Und da soll sie auch bleiben, sagen die Mutter und die Tante. Die Türen sind zu und sie sollen es bleiben. Jacob Dammas aber fährt nach Breslau und spricht mit den Nachbarn auf der Suche nach der Kredenz. Und er stößt auf Vorurteile, Ablehnung, Ahnungslosigkeit, aber auch auf seltsam-freundliche Aufnahme mit Verbrüderung. Gleichzeitig zeigt er die Telefonate mit seiner Mutter, die sein Vorhaben immer noch nicht gutheißt. Der Film ist sein Abschlußfilm an der Andrzej Wajda Master School of Film Directing in Warschau. Vorher hat er an der Humboldt-Universität, in Toronto und Roskilde studiert. Sowas klingt immer ganz schön beeindruckend.

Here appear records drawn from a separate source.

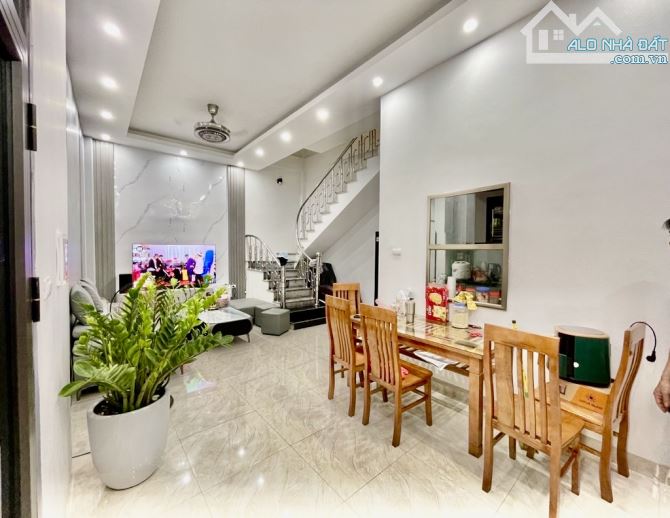 Bán Gấp Nhà Dân Xây Hồng Tiến 50m2-hơn 7 tỷ-VỊ TRÍ VÍP-3 BƯỚC RA MẶT PHỐ HỒNG TIẾN-Ô TÔ GẦ - 1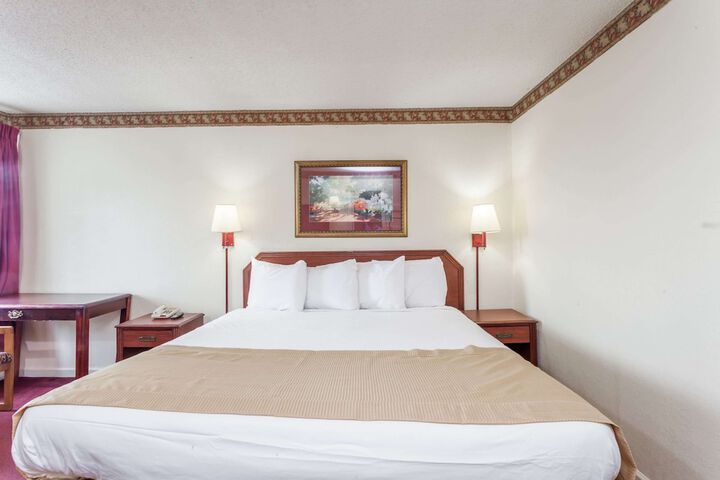 Room 7 of 20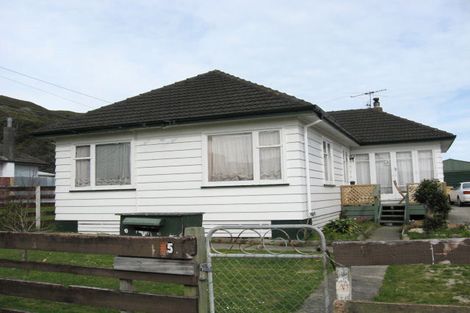 Photo of property in 45 Russell Road, Wainuiomata, Lower Hutt, 5014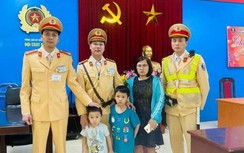 CSGT tìm người thân cho hai bé trai 7 tuổi và 3 tuổi đi lạc giữa dòng xe cộ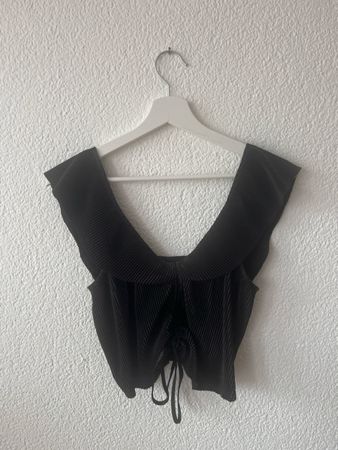 schwarzes gerafftes Top 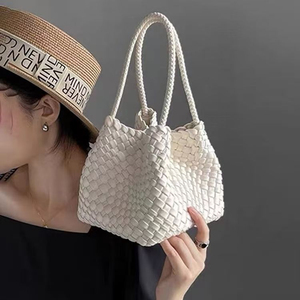 Sac panier en cuir tressé artisanal haut de gamme pour femme, grande capacité, souple, à porter à la main, style mini dumpling, pour mère et fille - Product Image 2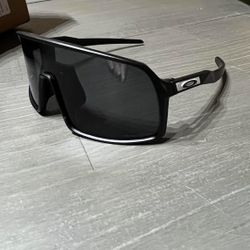 Oakley Sutro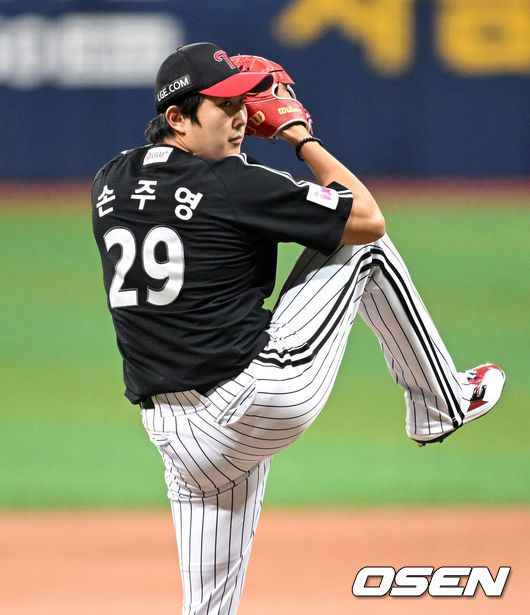 [OSEN=고척, 이대선 기자] 8일 오후 서울 고척스카이돔에서 2025 신한 SOL Bank KBO리그 키움 히어로즈와 LG 트윈스의 경기가 열렸다.키움은 윤현, LG는 손주영을 선발 투수로 내세웠다.1회초 무사에서 LG 선발투수 손주영이 역투하고 있다. 2025.04.08 /sunday@osen.co.kr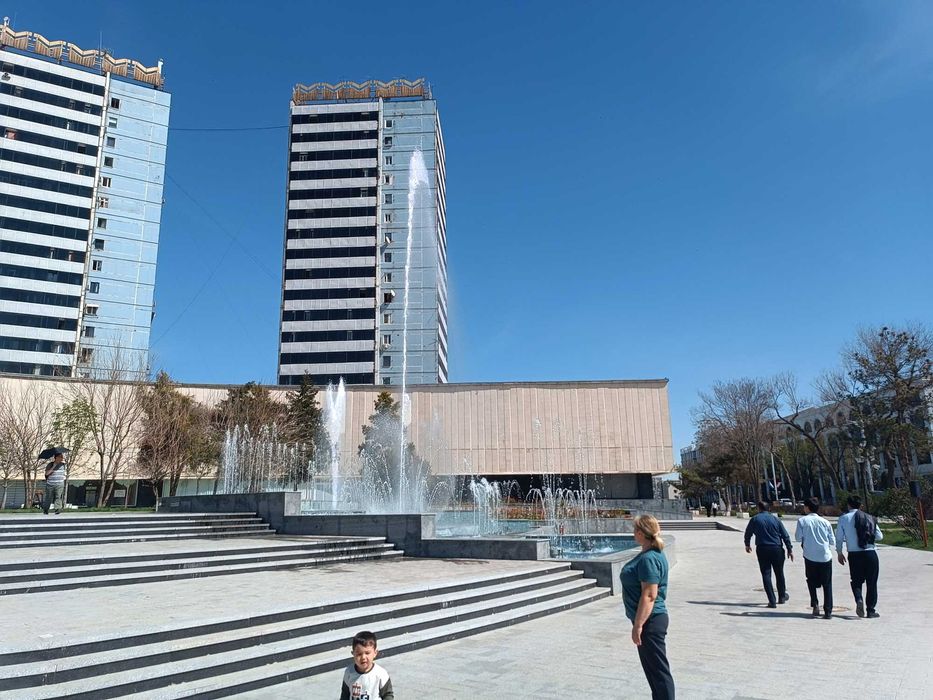 В центре города Ташкента пл. Хамида Алимджана 174 м2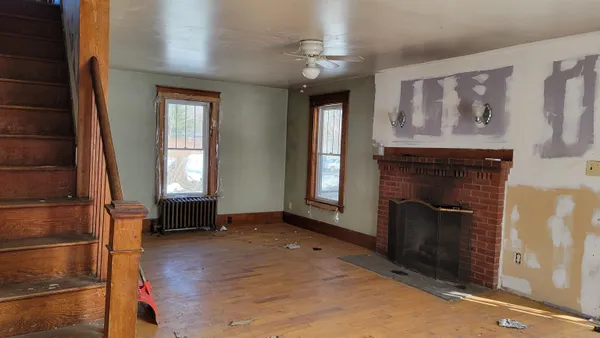 $90,000 | 53 Beckett Street, Williamstown, VT 05679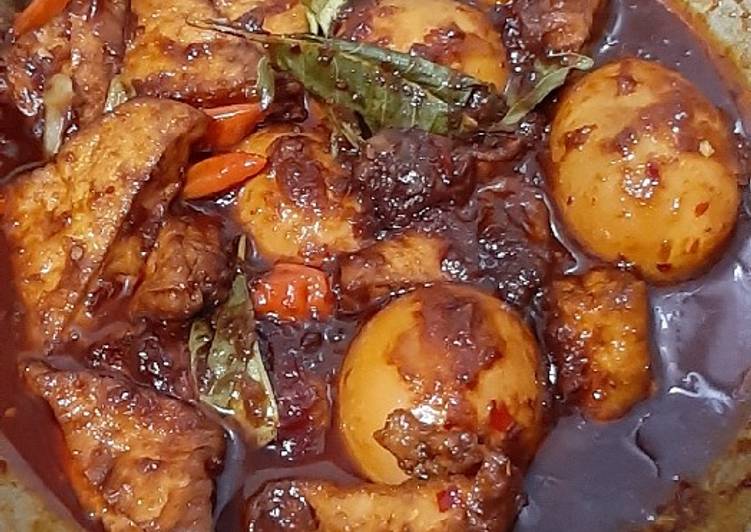 Semur Telur tahu pedas manis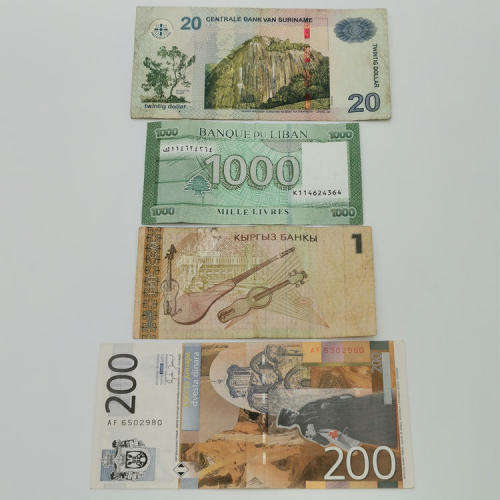 Lot of 10 world banknotes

Das Unspektakuläre dieses Films hat mir eigentlich am besten gefallen. Durch die Telefonate, die Jacob aus Breslau mit seiner Mutter in Kopenhagen führt, und die er ohne ihr Wissen für den Film mitschneidet, verlagert sich das Gewicht des Films weg von der Rekontruktion vergangener Ereignisse und hin zur ganz gegenwärtigen Frage: Welche Rolle spielt das heute noch? Am Ende gibt die Mutter Jacob taktische Ratschläge, trotz ihrer anhaltenden Skepsis der Unternehmung gegenüber . Und Jacob entscheidet sich, nicht weiter zu suchen, obwohl ihn vielleicht nur wenige Meter von der gesuchten Kredens trennen. Und somit scheinen beide ein Stück weiter, im gegenseitigen Verständnis ein Stück näher gekommen zu sein.